Spoiwem łączącym wydarzenia jest tytułowy hotel. Działa zaledwie od kilku tygodni a już cieszy się dużym powodzeniem. Jego lokalizacja na włoskiej riwierze ma w tym nie mały udział. Bella Ainsworth, właścicielka hotelu, robi wszystko, aby jej goście czuli się jak u siebie, jednak z każdym dniem będzie to coraz trudniejsze. Plejada barwnych, charyzmatycznych osobowości okaże się nie do opanowania a sprawę skomplikuje zaginięcie cennego obrazu Rubensa. Wówczas wszyscy zostaną zamknięci w hotelu aż do rozwiązania zagadki.

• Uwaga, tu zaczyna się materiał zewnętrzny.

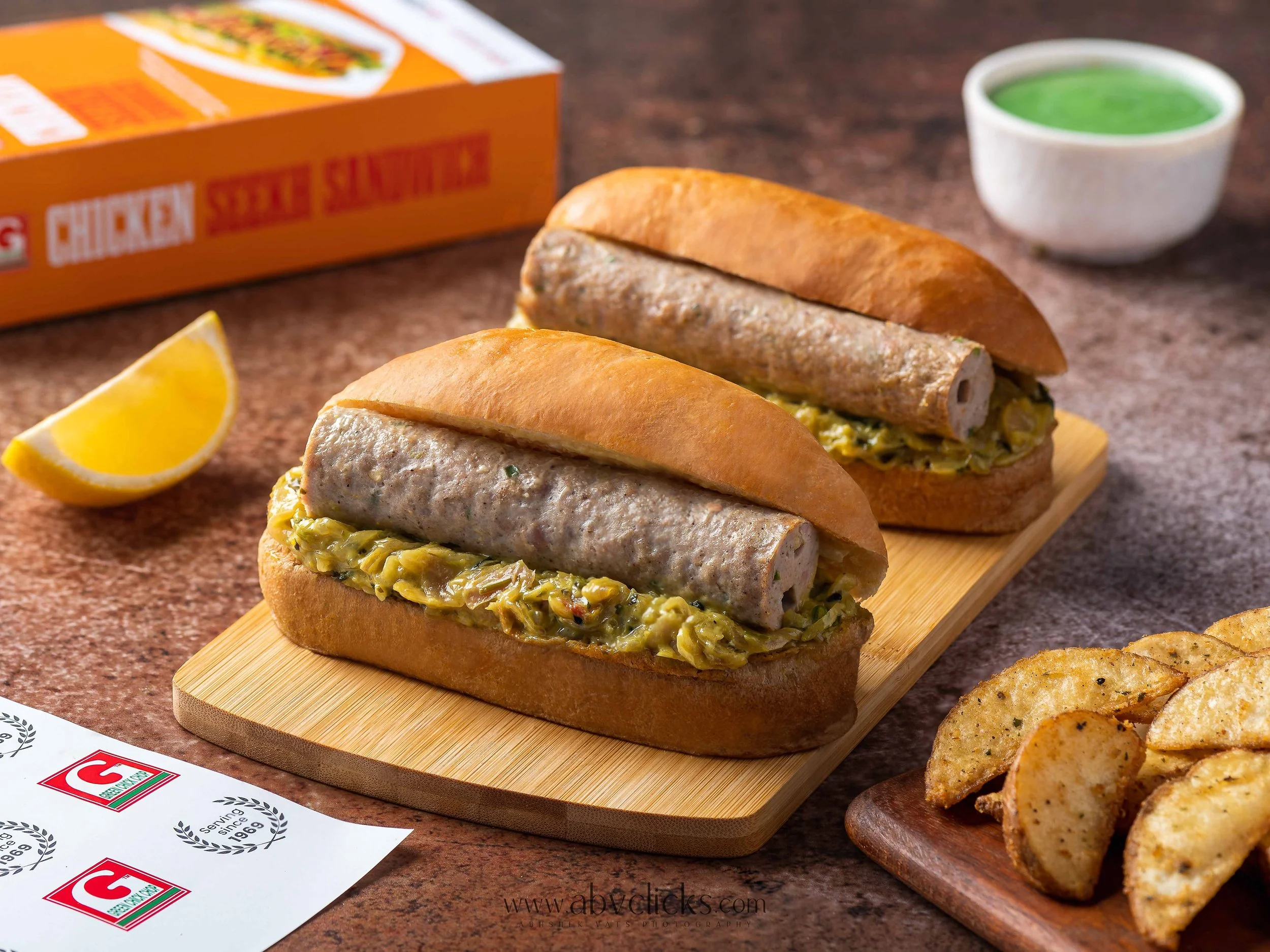 A hot dog with a sausage, relish, and bun on a wooden cutting board, lemon wedge, potato chips, a cup of green sauce, and a box of frozen potato products on a countertop.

Fabuła przypomina powieści pisane przez Agatę Christie, czyli wszyscy są podejrzani, każdy ma coś do powiedzenia a wraz z rozwojem wydarzeń bohaterowie ujawniają swoje prawdziwe charaktery oraz intencje. Jest tego mnóstwo, autor zatroszczył się o pokaźne grono hotelowych gości, abyśmy mogli przyglądać się im z bliska, rozkładać ich osobowości na czynniki pierwsze a także doszukiwać się pomiędzy nimi powiązań niewidocznych na pierwszy rzut oka. Czytać będziemy o dawnych, niekoniecznie w pełni zapomnianych uczuciach, traumie związanej z I Wojną Światową, politycznych, nieczystych zagrywkach czy faszystowskich wyzwaniach budzących moralne wątpliwości. Autor zaprasza nas do interakcji z fabułą, skłania do analizy zachowań a także podjętych wartości, pozwala zaangażować się w śledztwo a także - po prostu – zaprzyjaźnić się z wybranymi bohaterami i śledzić ich życiowe zawirowania. J.P. O'Connell rewelacyjnie poradził sobie z potencjałem fabuły, połączył w spójną całość ciekawe wydarzenia, historyczne aspekty a także ponadczasowe wartości, dzięki czemu jego książka okazała się dojrzała i pomysłowa. Pisana jest założenia dla dojrzałego, świadomego odbiorcy, więcej nie zapomnijcie czytać także między wierszami.
"Hotel Portofino" to lektura pełna intryg i pułapek dla wyobraźni. Pięknie prezentująca prozę życia, odnosząca się do znanych nam problemów a jednocześnie wplatająca w to coś więcej, aby podgrzewać atmosferę i zagęszczać akcję. Autor wykazał się sporym literackim talentem zamykają w spójną całość ogrom motywów, niczego przy tym nie pomijając, uciekając od przegadanych scen czy łącząc historię z fabularną opowieścią. Lektura przypadnie zatem do gustu czytelnikom nastawionym na różne literackie gatunki, bowiem każdy znajdzie w niej coś dla siebie.